En una comunidad me dijeron: “Agradecemos a este joven por su gesto. Es muy bueno. Lo que él nunca entendió es que no usamos zapatos por pobreza, sino porque el zapato rompe la conexión entre el ser humano y la tierra. Los indígenas somos parte de la tierra. No podemos romper ese nexo entre la persona y la vida.
El caso Texaco-Chevron
Texaco arrojó desechos tóxicos, aguas tóxicas, petróleo en la tierra, en los caminos, causó la destrucción de peces, de animales de la selva, de pueblos indígenas. Ante esta destrucción ambiental, los indígenas estaban indefensos porque no sabían cómo enfrentar a una empresa petrolera. Tampoco el Estado era ni es capaz de proteger los derechos de los pueblos originarios ni de informar de las consecuencias negativas que se generan.
El caso Texaco-Chevron demuestra esa falta de conocimiento y de respeto hacia los pueblos ancestrales, pero también demuestra la tenacidad, la lucha de estos pueblos por sus derechos. Lo importante es ver cómo hemos logrado mantener la unidad en la lucha. Seis pueblos indígenas con diferentes lenguas, tradiciones, costumbres, territorios, más los campesinos, hemos ido confluyendo para luchar unidos, colectivamente.
Esto no es de ahora. El trabajo colectivo, el trabajo en mingas es importante. No se trata de una estructura vertical, sino horizontal. Todos participamos, cada uno aporta lo que tiene y lo que puede. En esta lucha conjunta, lo importante es el daño causado por la empresa petrolera y la lucha de la gente por la defensa de sus derechos, de su territorio, tradiciones y costumbres.

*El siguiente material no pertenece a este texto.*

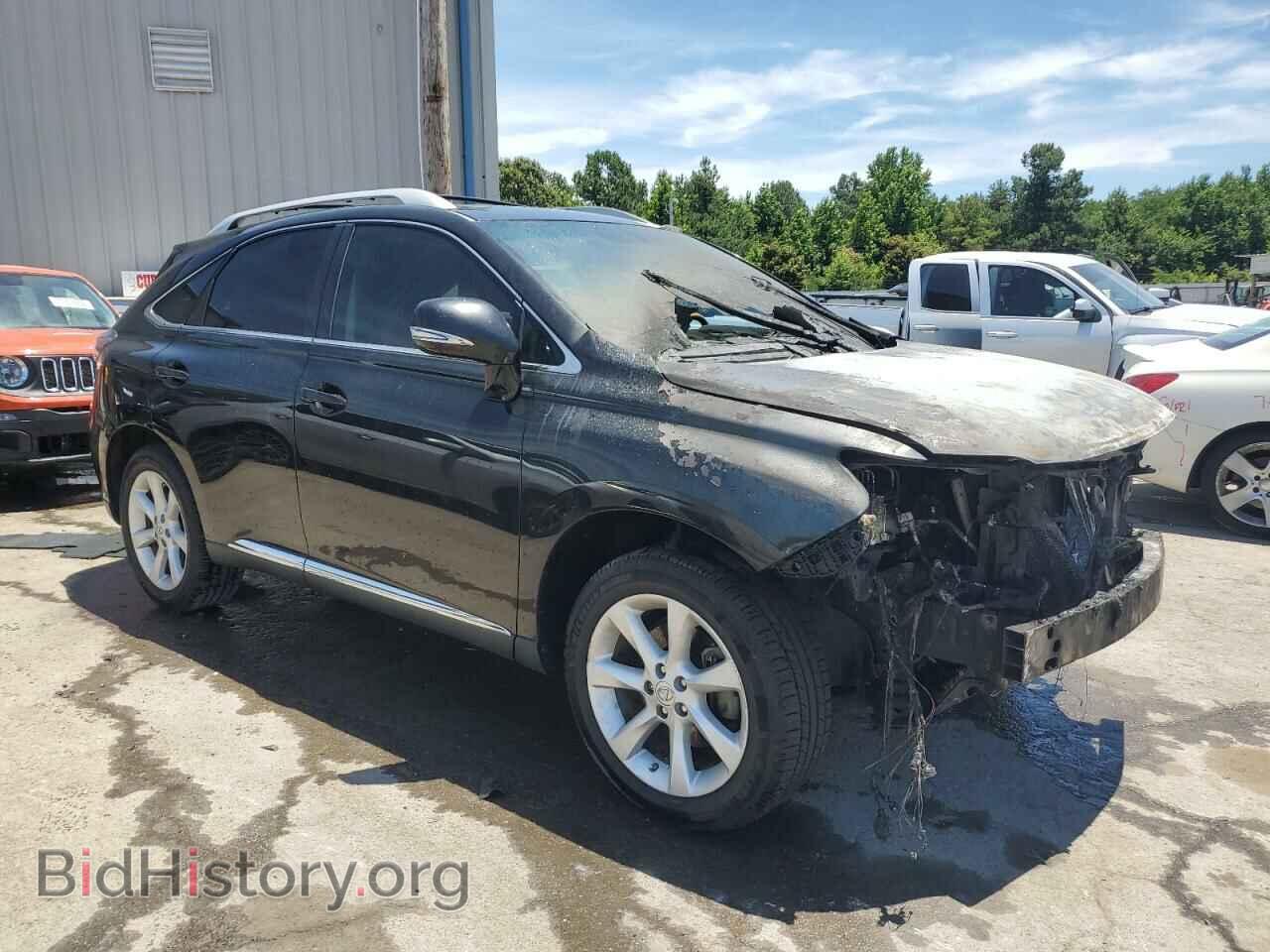 2011 LEXUS RX350 - VIN: 2T2ZK1BA2BC054224 - Фото 4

Para completar la información, cabe señalar que el 30 de agosto de 2018 la Corte Permanente de Arbitraje de La Haya dictaminó que el juicio contra Chevron estaba viciado por corrupción y que la compañía petrolera estaba exonerada de toda responsabilidad. Por lo tanto, la Corte de La Haya emitió una orden de arbitraje en la que exigía a Ecuador que anulara la sentencia dictada por sus tribunales contra la empresa multinacional.
Lo que de veras está en juego
En la Amazonia está en juego la vida de nuestros pueblos y de las generaciones futuras. Dios nos dio este planeta para que vivamos en él y seamos felices, no para que lo destruyamos. Aquí hay mucha gente que lo está destruyendo. Es nuestro deber defender a nuestra madre tierra porque queremos respeto para ella.

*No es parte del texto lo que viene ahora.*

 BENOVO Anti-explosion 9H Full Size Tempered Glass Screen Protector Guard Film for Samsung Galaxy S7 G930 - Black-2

Posiblemente, mucha gente en Estados Unidos o en Europa no se da cuenta de lo que significa la Amazonía para el mundo, para el planeta. Está en juego la vida de las generaciones que están por venir. Les invitamos a tomar conciencia y a respetar nuestra propia vida. Luchemos por nuestros propios derechos, por nuestra dignidad, por las generaciones futuras. Les invito a esto.